ロケがあった横浜の団地で集会所に待機していた俳優を呼びに行ったところ寺山氏がストーブにあたっていたという。山田氏は一番下の助監督という立場もあり「よう」と気安く声がかけづらく、寺山氏も「『お前はこんなことをしているのか』と当惑したような顔で、言葉は交わさなかった」というのだ。さらにこんな記述が続く。「『人間はこういうふうに差がつくのか』と思いました」
文学青年時代を共有した親友同士の思わぬ再会の場面としては、分かるような気がしないでもないが、何か奇妙な感じがする。寺山氏について書かれた記事は何度も目にしたことがある。フジテレビ系列の競馬中継に時々ゲストとして出ていたが、意外な馬に愛着を示すなど独特の味があった。権威主義などとは対極にいる人物という印象をずっと持っている。だから、山田氏の記事が気になったということだろう。
そういえば、寺山氏が売れっ子になり、ホテルに缶詰になって原稿を書かされたことを自慢げに話した、ということをだれかが書いていたのを思い出した。その時も似たような感じを抱いたなあ、と。
締め切りに追われた作家が出版社の用意したホテルに缶詰になるといった話はよく聞くが、それって自慢するような話だろうか。
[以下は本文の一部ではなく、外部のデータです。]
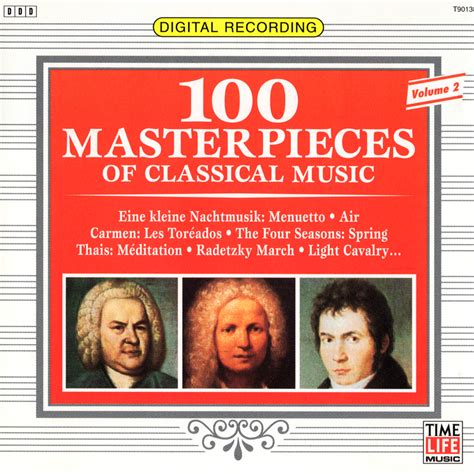 Chia Sẻ âm Nhạc Time Life 100 Masterpieces Of Classical Music Vol 2 Nrg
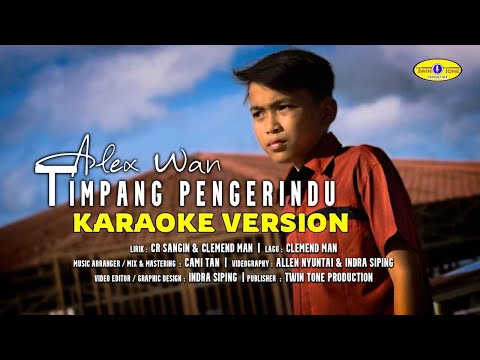 TIMPANG PENGERINDU - ALEX WAN ( KARAOKE VERSION ) #twintoneproduction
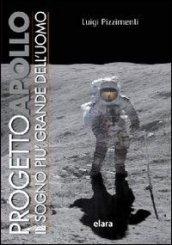 Progetto Apollo. Il sogno più grande dell'uomo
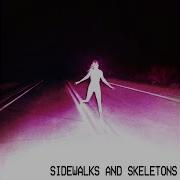 Sidewalks And Skeletons Disappear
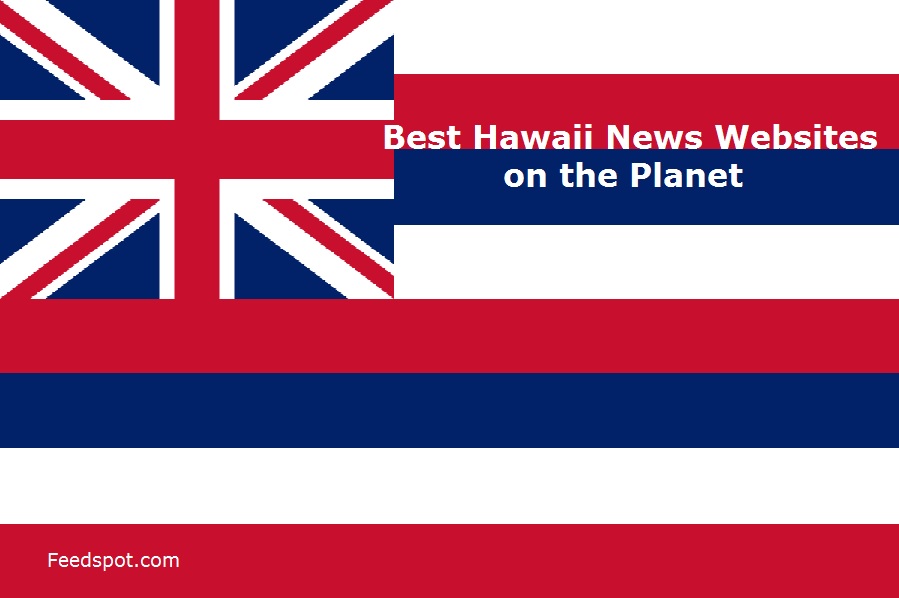 top-35-hawaii-news-websites-to-follow-in-2024-us-state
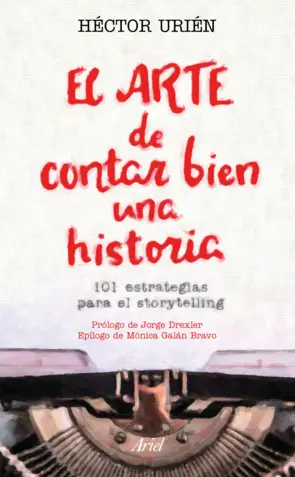 Portada El arte de contar bien una historia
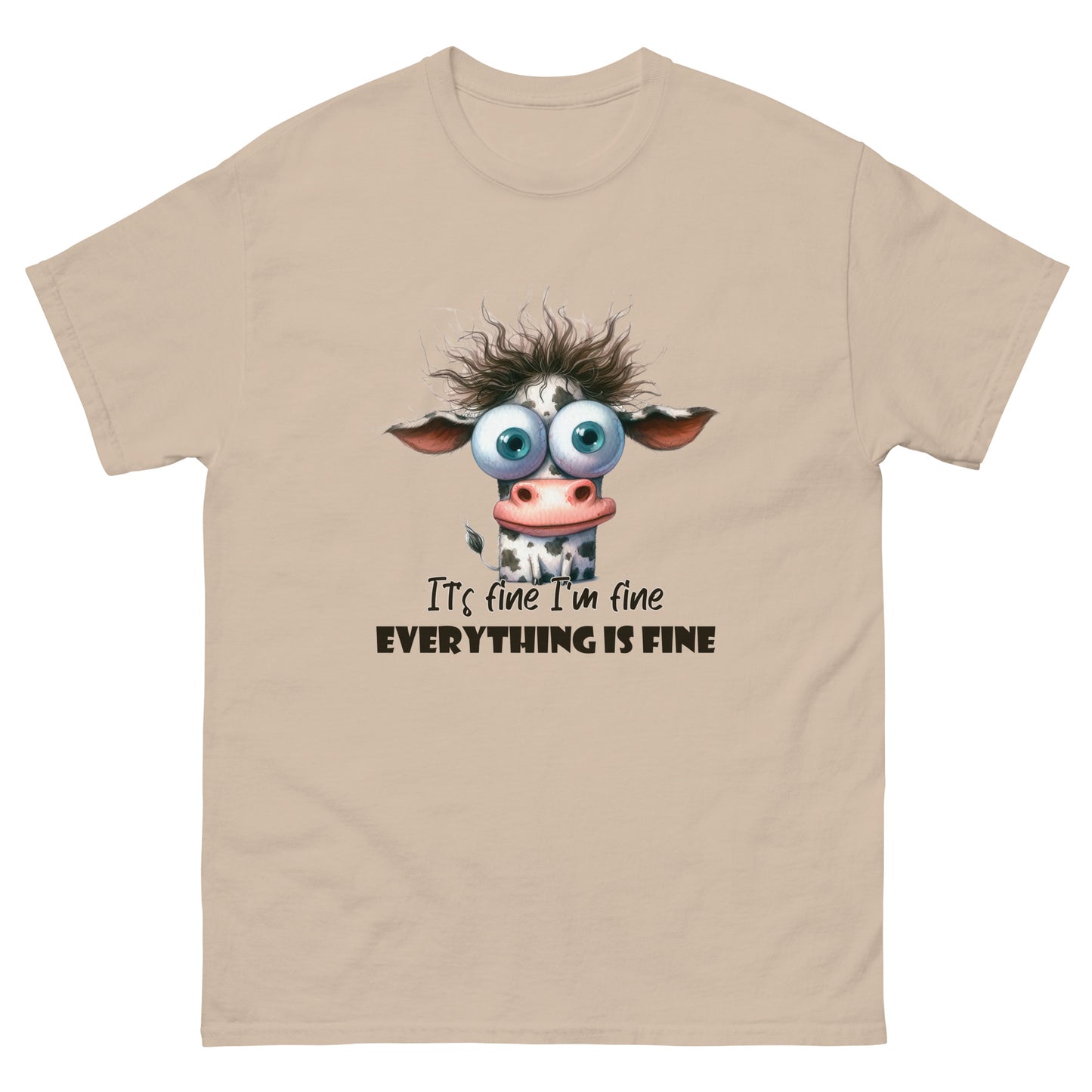 Everything is fine tee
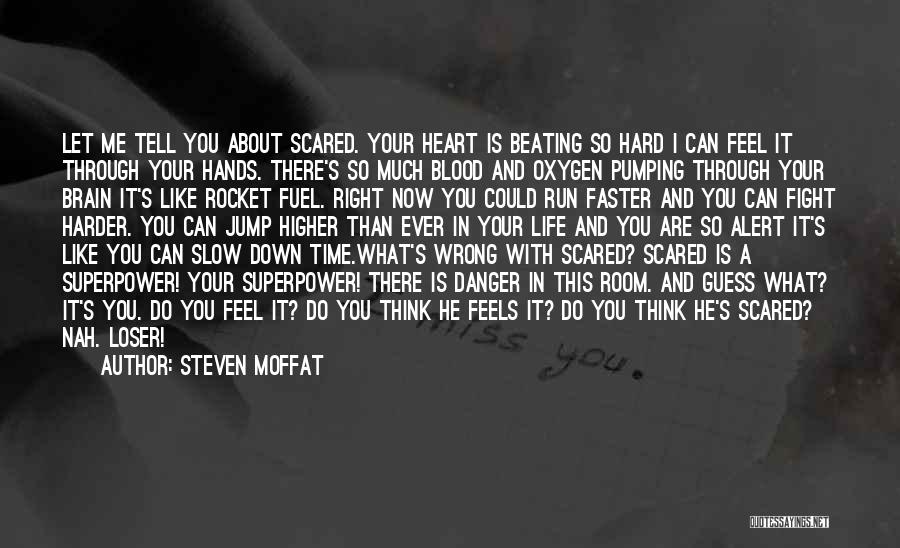 Steven Moffat Quotes: Let Me Tell You About Scared. Your Heart Is Beating So Hard I Can Feel It Through Your Hands. There's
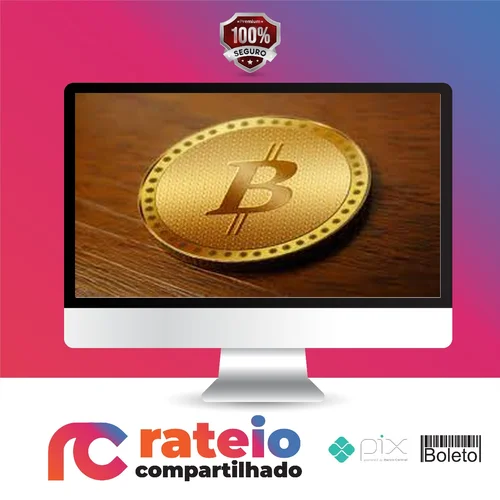 Curso Completo de Bitcoin - Marcos Castro e Jonatan Nogueira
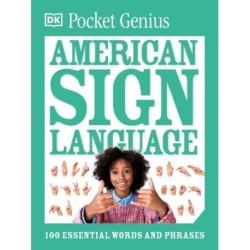 Pocket Genius American Sign Language: 200 Essential Words and Phrases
能力以上の仕事を引き受けたか、ぎりぎりまでさぼっていただけの話かもしれないではないか。林芙美子という作家は、気に入らない出版社の担当者に原稿をなかなか渡さないような意地悪をした、などという話を読んだ記憶がある。
一方、愉快な話を通信社の記者になりたてのころ文化部長から聞いたことがある。出版社の社員に冷たく当たることで知られる高名な時代作家の所に新人社員が約束の原稿をもらいに行ったそうだ。作家の返事は、いつものように素っ気なく「まだできていない」。作家に対する予備知識がない新人社員が「ああそうですか」と言って玄関先から引き返したところ、その作家が追いかけてきた、というのだ。
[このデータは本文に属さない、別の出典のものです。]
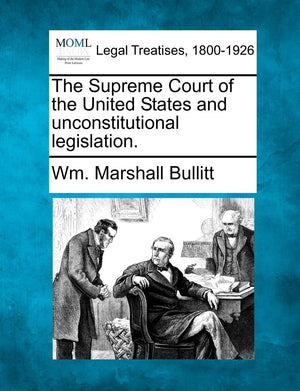 The Supreme Court of the United States and Unconstitutional Legislation.,Used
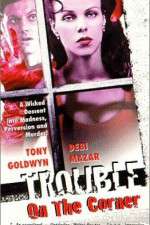 Watch Trouble on the Corner Soap2day
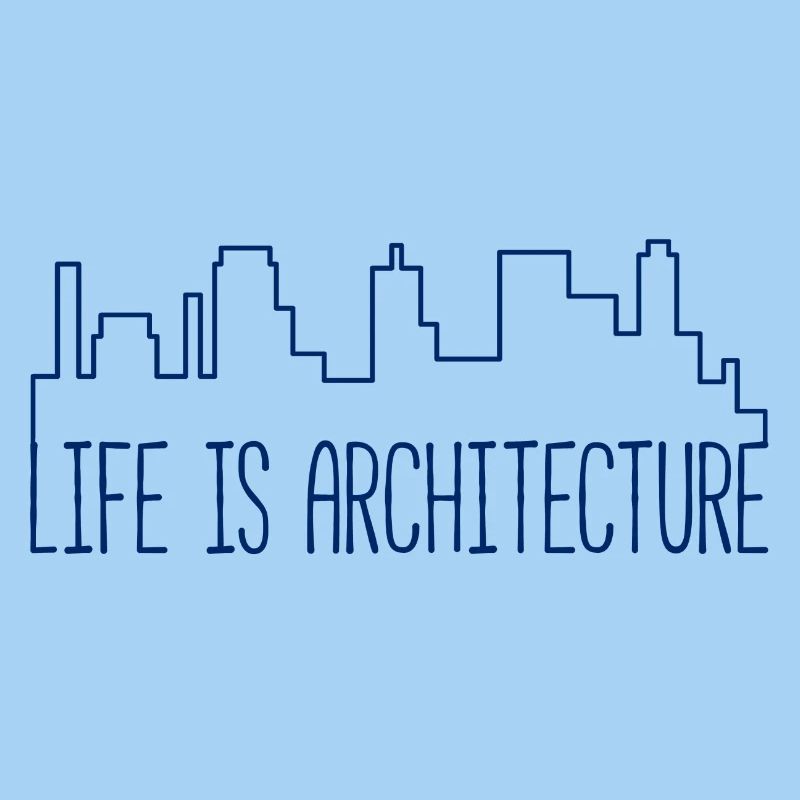 Architect / Architecture: Life Is Architecture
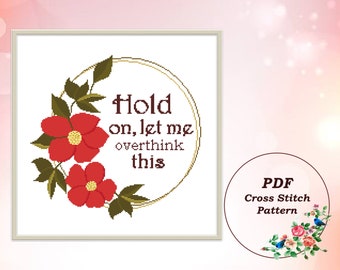Hold on, Let Me Overthink This - Modern Cross Stitch Pattern PDF Funny Subversive Quote Counted Cross Stitch Chart Instant Download #162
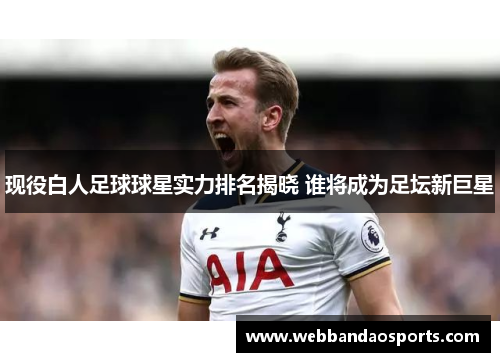 现役白人足球球星实力排名揭晓 谁将成为足坛新巨星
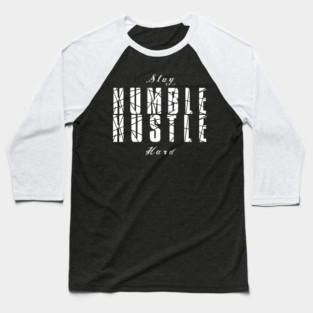 Stay Humble Hustle Hard Baseball T-Shirt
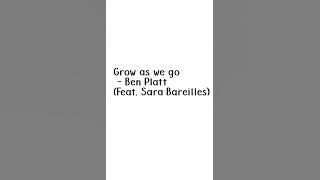 Grow as we go - Ben Platt (Feat. Sara Bareilles) 1 hour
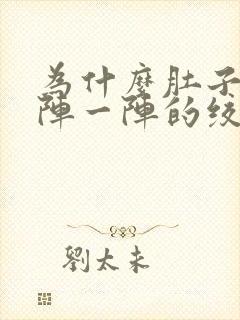 为什么肚子会一阵一阵的绞痛还拉稀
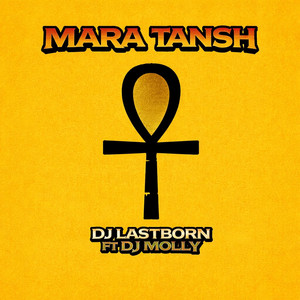 DJ Lastborn - MARA TANSH (feat. Dj molly)
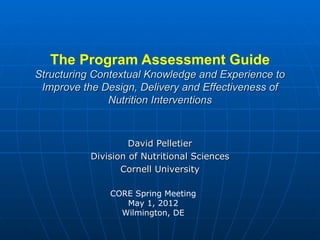 The Program Assessment Guide
Structuring Contextual Knowledge and Experience to
 Improve the Design, Delivery and Effectiveness of
               Nutrition Interventions



                    David Pelletier
           Division of Nutritional Sciences
                  Cornell University

               CORE Spring Meeting
                  May 1, 2012
                 Wilmington, DE
 
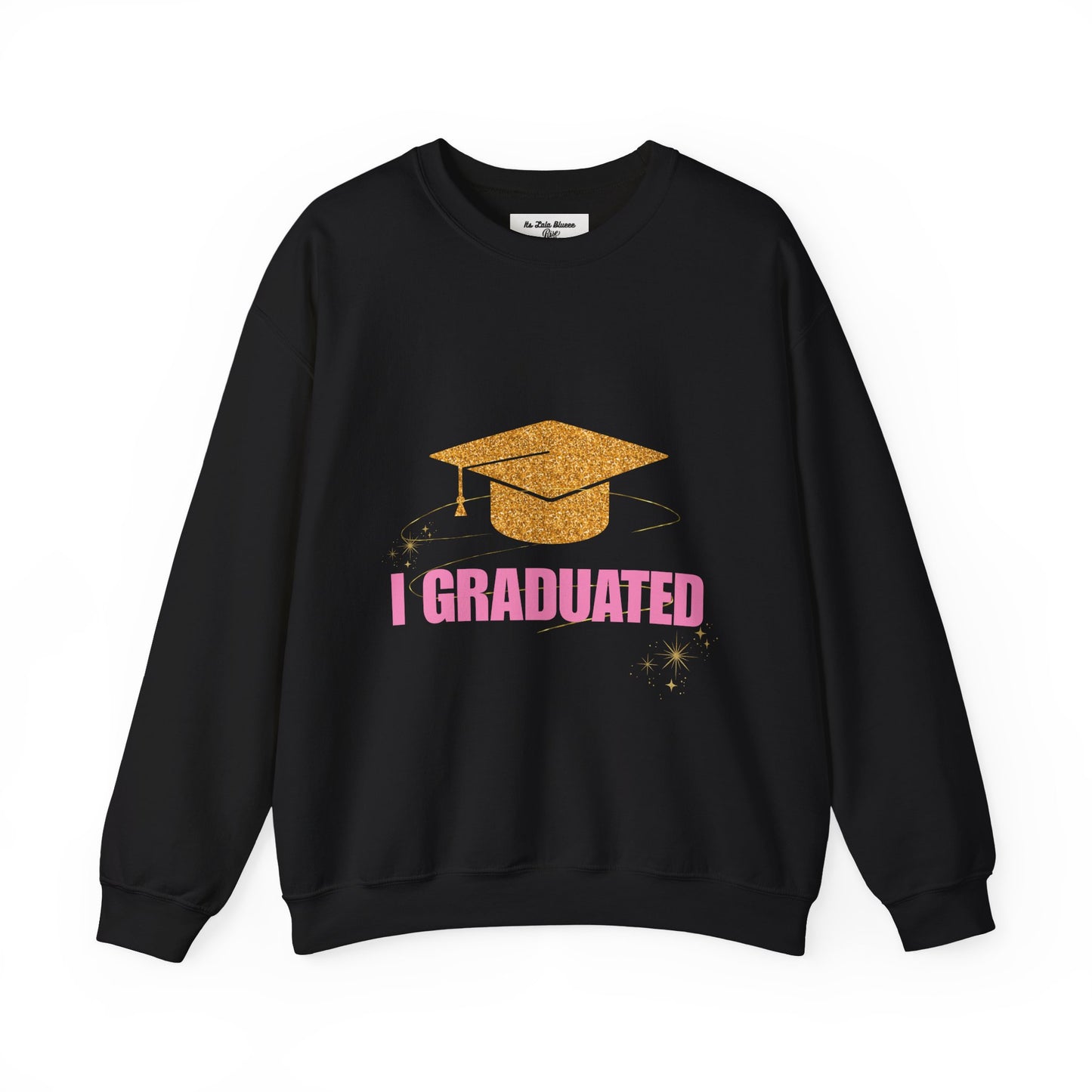 Graduation Crewneck Sweatshirt — Gold Cap "I Graduated" Graphic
「できていない」と言われても、あれこれ作家の気に入るようなことを話し掛け「何とか○○日には原稿よろしくお願いします」と言ってその日は引き下がる。その作家を担当する出版社員たちの振る舞いだった。そうした対応に慣れきっていた作家の方があわてて「ちょっと話し相手になっていけ」と呼び戻しに来た、という話だった。
いまの作家と出版社員との関係がどうなのかは知らない。しかし、新聞や雑誌に連載して確実に読者が付くような作家は限られている、という話もだいぶ前だが、聞いたことがある。そうした状況が変わらないとすれば、出版社員が原稿取りに苦労する話は今なお、ということになりそうだが…。